Some of us have become so metabolically deranged working our glucose metabolism 24/7 365 days a year that our mechanism for safely metabolising glucose has become broken – and that is how we got type 2 diabetes.
The Ketogenic diet addresses this by forcing your metabolism to predominantly burn fat, restricting your dietary carbohydrates, and relying on your liver to make all the glucose and ketones your brain needs. Most of the rest of your body burns fatty acids directly for energy.
When you give your body fat, it becomes good at burning fat! When you give your body glucose, it becomes good at storing fat!
But what about the studies that show correlation between fat intake and heart disease? If you look carefully, study after study shows that increasing fat intake while eating more than 50 grams of carbohydrates a day will indeed increase heart disease and all that goes with it. These studies fail to remove the carbohydrates!
Some people are good at switching from one mode to the next. Type 2 diabetics, however, have a broken metabolism for dealing with glucose, so when we eat carbohydrates we get progressively worse glucose control and consequently get sicker over decades.
We can, however, hack our body into being full time fat burners. This hack not only allows us to maintain safe glucose levels (http://www.ncbi.nlm.nih.gov/pubmed/19099589), with less medication (http://www.ncbi.nlm.nih.gov/pubmed/25071075), but improves many of our biomarkers of disease.
If we additionally choose to use this hack to also lose weight it preserves more of our our resting energy expenditure (http://jama.jamanetwork.com/article.aspx?articleid=1199154) and over time if we have intervened early enough can allow us to reverse the progression of type 2 diabetes (http://www.yorku.ca/mriddell/documents/istype2reversible.pdf).

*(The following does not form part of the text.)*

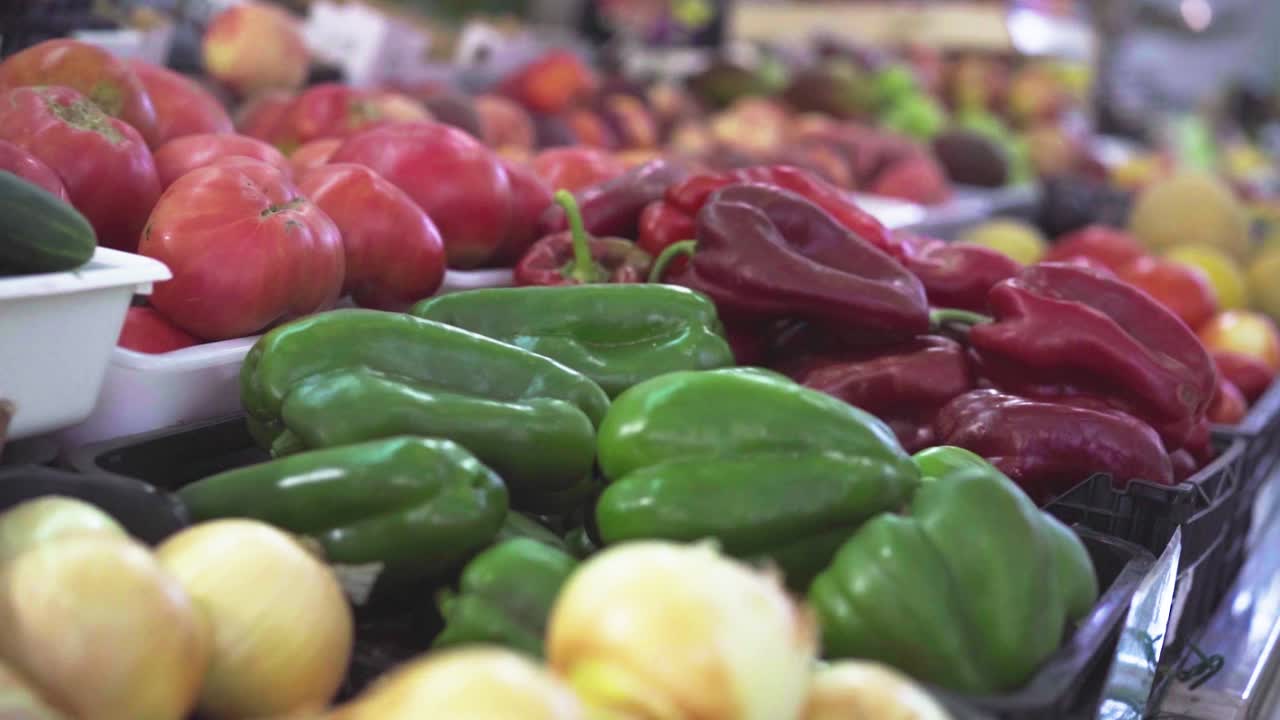 frutas y verduras en el mercado de un agricultor - empujar - cámara lenta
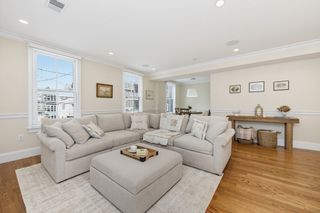21 Salem St 2, Boston, MA 02129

This dietary strategy is still something that Diabetes Associations around the world are only just now looking at, and Dietetic associations are firmly opposed to, as it is not a modest tweak of their established food pyramid, but a complete upending of it.

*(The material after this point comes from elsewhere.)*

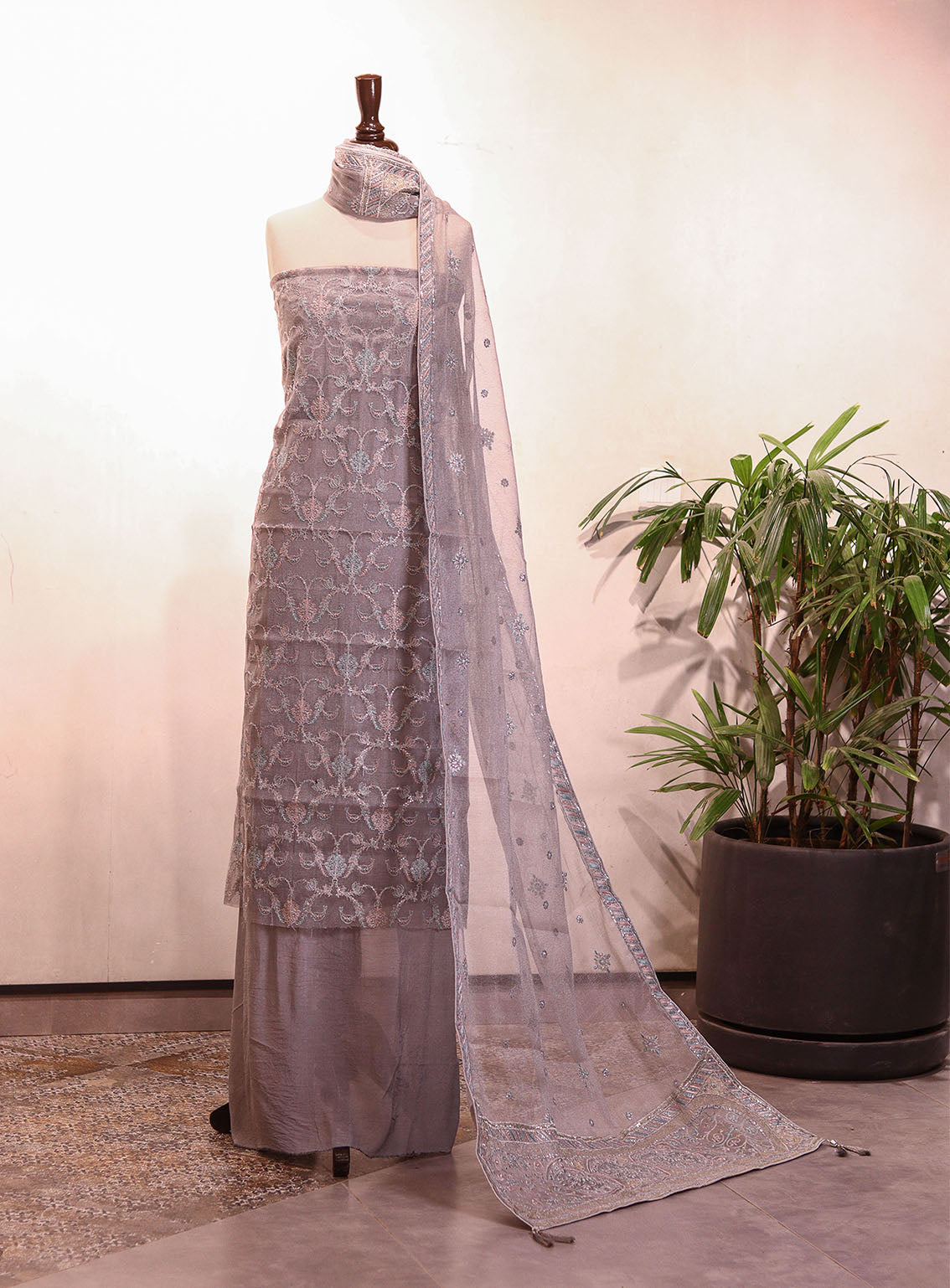Royal Fashion Embroidered Net Suits Unstitched 2 Piece - RF25EE ET2531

There are political issues as well. The USDA has a conflict of interest when it comes to dietary guidelines. That said, the ketogenic diet is quickly becoming the first approach in diabetes management among progressive medical specialists (http://www.nutritionjrnl.com/article/S0899-9007(14)00332-3/pdf).
The bottom line for us is that following the low fat model for the past 40 years has made us fatter and sicker. In 2012 some 52% of US adults – according to the projections in this study (http://jama.jamanetwork.com/article.aspx?articleid=2434682) – were either diagnosed with type 2 diabetes (9.1%), or undiagnosed type 2 diabetics (5.2%), or they had a condition called prediabetes, meaning they were metabolically deranged but not quite at diabetic levels (38%).
So, it is no longer just some of us. Most of us are in trouble. That is why we’re 2 keto dudes, and why we’re doing this podcast.
So enjoy the ride – stop with the wheat, the bread, the sweet (continental?) breakfasts, the coffee break donut binge, you know, all that stuff that made us sick by doing what we were told. Love the fat, eat the fat, get healthy!